NM Land Commissioner visits Eddy County to assess oilfield-related pollution

New Mexico News

New Mexicans know how important the oil and gas industry is to the state’s economy, but is it coming at a cost to the environment?

State Land Commissioner Stephanie Garcia Richard went to southeast New Mexico to see for herself.

“I think it’s much broader and deep than we had anticipated,” she said.

The environmental advocacy group, Earthworks, says oil and gas related emissions are higher there than any other part of the state—something they say is preventable.

“It is unrivaled…both the speed of the development and the number of new sites going in or being re-fracked in the area is intense,” said Earthworks Field Advocate Nathalie Eddy.

Meanwhile, methane and benzene are being released into the air. 

Eddy says methane has a direct correlation to climate change, and benzene can have significant health impacts such as cancer and respiratory issues. Even just visiting the oilfield sites, she says can cause nausea, headaches and sore throats.

“Up ’til now, this has pretty much been kind of Wild West operations and the operators know it so there’s not a strong incentive to change business,” said Eddy.

“From the naked eye, you can’t see that anything is amiss,” said Garcia Richard.

Commissioner Garcia Richard campaigned on the idea of methane capture. Over the weekend, she went with Earthworks to Eddy County to see it firsthand using optical gas imaging.

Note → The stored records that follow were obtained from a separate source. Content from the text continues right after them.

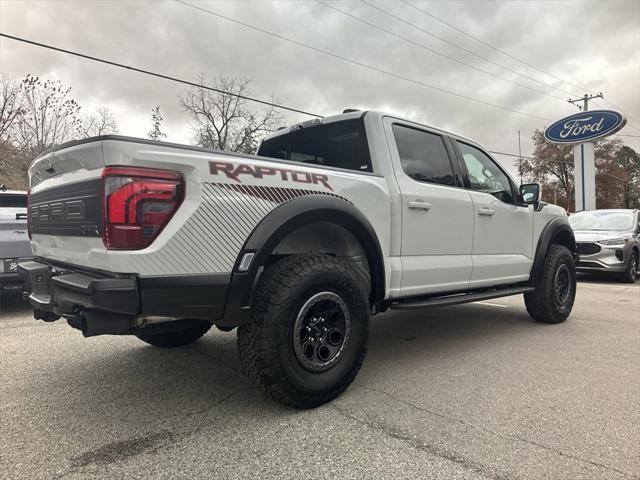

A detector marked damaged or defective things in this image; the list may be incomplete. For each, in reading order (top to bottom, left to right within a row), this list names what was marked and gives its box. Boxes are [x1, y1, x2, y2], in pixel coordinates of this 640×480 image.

pavement crack [352, 382, 636, 480] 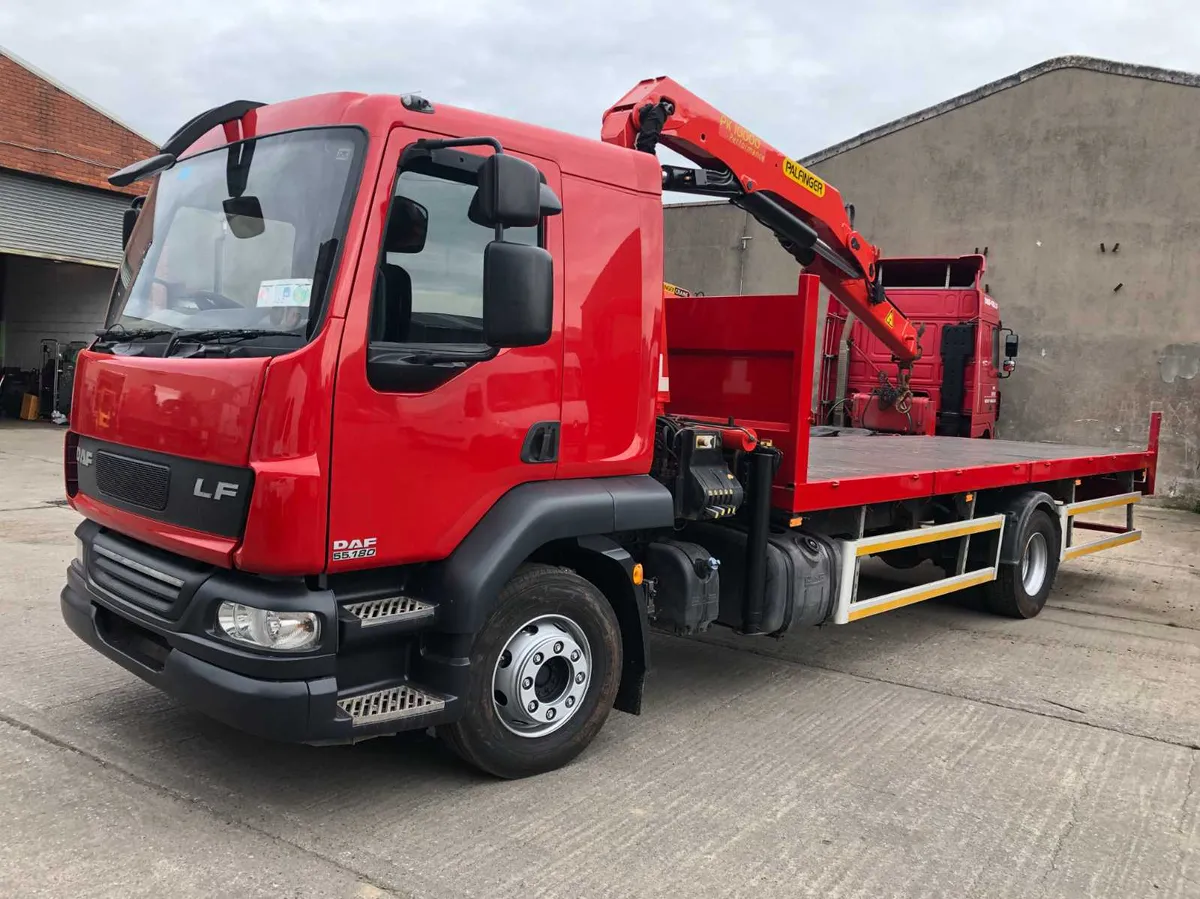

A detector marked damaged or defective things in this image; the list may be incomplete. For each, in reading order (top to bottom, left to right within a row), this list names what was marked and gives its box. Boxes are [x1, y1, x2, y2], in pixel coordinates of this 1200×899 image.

cracked concrete ground [0, 420, 1195, 897] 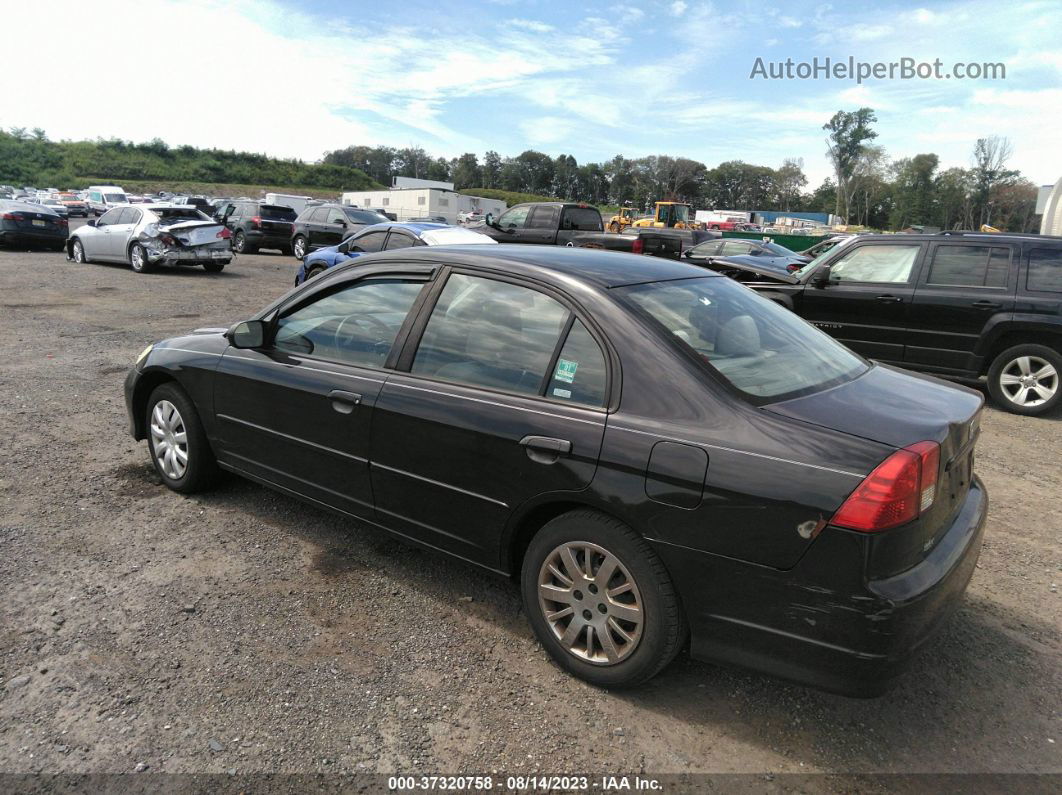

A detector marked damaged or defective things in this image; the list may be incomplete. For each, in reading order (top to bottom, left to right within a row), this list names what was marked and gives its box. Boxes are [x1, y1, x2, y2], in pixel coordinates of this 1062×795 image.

damaged silver car [67, 205, 234, 274] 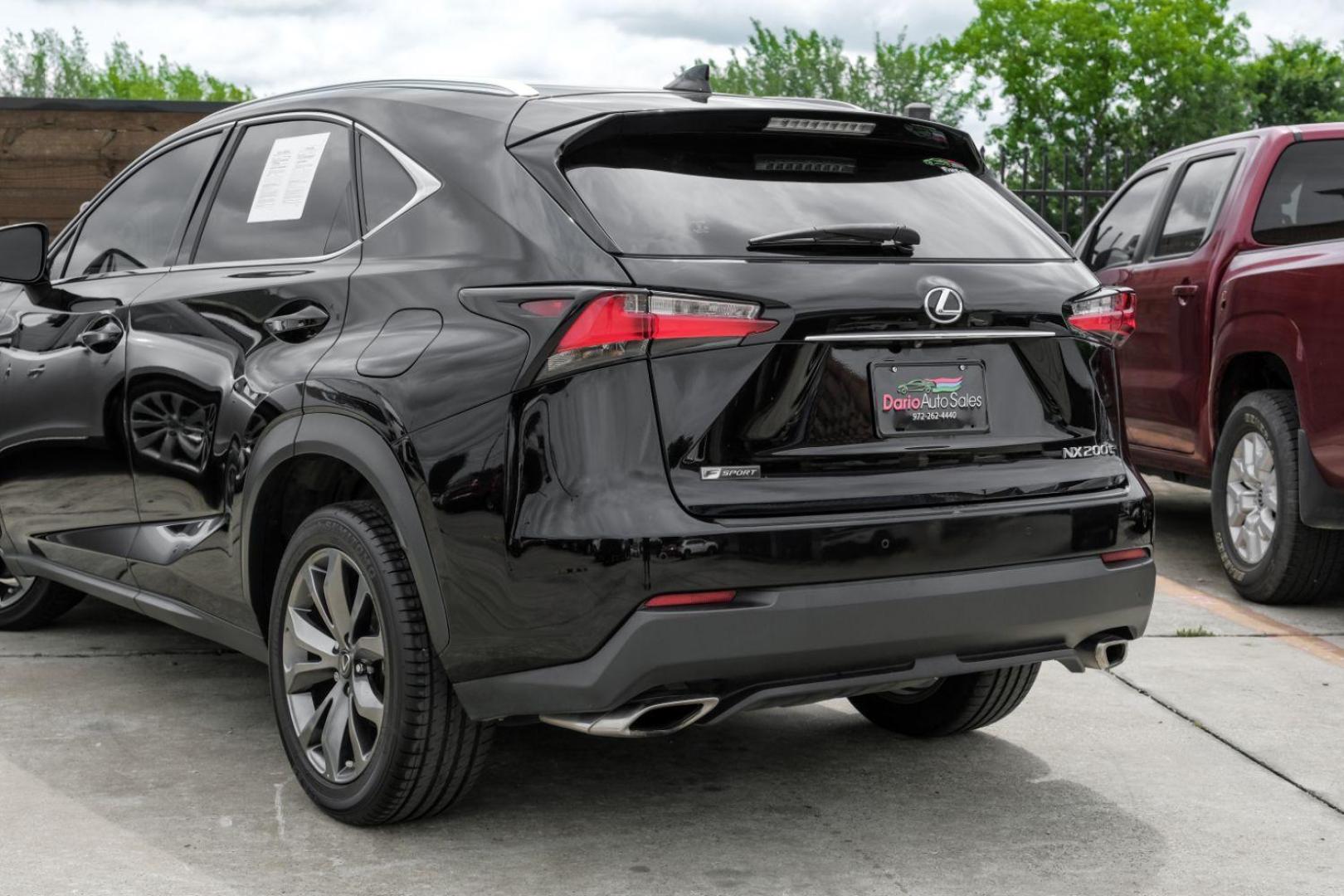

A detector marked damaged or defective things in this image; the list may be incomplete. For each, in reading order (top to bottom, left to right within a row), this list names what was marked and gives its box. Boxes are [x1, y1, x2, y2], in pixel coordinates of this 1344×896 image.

pavement crack [1102, 671, 1344, 821] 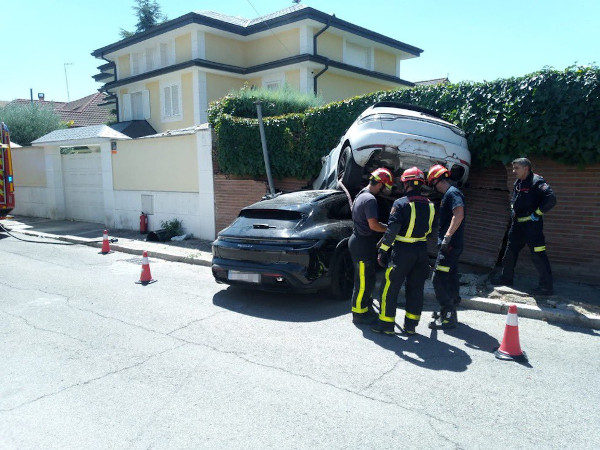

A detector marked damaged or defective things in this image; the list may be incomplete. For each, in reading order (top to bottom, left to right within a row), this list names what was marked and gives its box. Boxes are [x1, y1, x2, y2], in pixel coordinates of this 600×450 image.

overturned white car [312, 103, 472, 196] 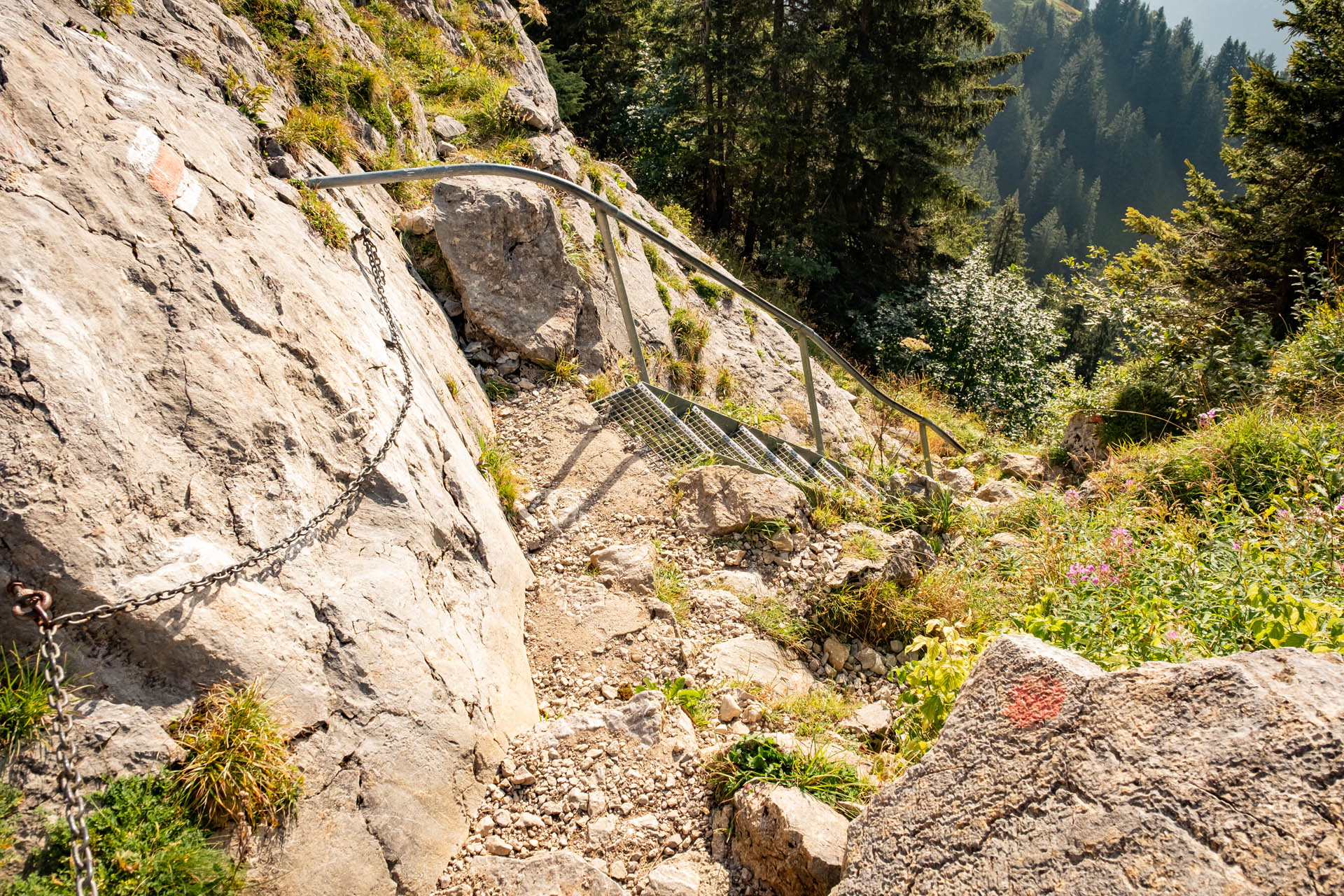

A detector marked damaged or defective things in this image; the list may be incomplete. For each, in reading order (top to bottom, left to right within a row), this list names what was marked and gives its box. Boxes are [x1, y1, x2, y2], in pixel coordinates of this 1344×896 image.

rusty chain anchor [8, 232, 409, 896] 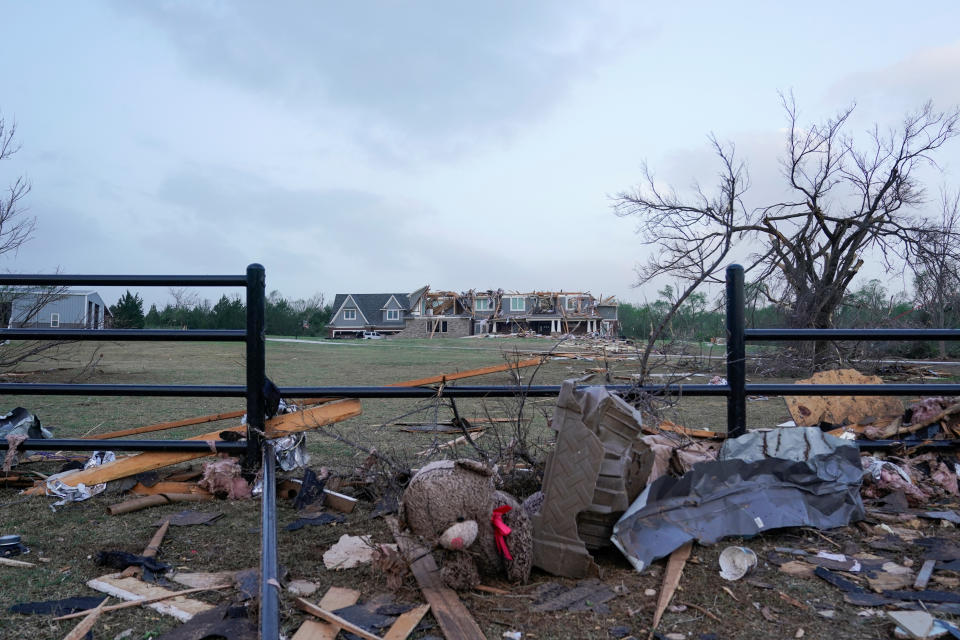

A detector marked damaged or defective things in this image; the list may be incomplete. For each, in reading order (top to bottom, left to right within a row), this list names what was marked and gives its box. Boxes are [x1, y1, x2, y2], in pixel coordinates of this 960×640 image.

“I told Nathalie that she should’ve prepared us emotionally better for what we were about to see because we did not expect to see what we did,” said Garcia Richard.

Through the lens, you can see clouds of emissions spewing from the sites. 

“Last year alone, there were 1,712 violations and not a single penalty assesed by the Oil Conservation Divison,” said Eddy.

Garcia Richard says her eyes were opened, quite literally. Now, she’s ready to work with the oil and gas industry and help take action to stop the pollution.

“Through requiring detection and really working together to build out infrastructure to capture this methane,” she said.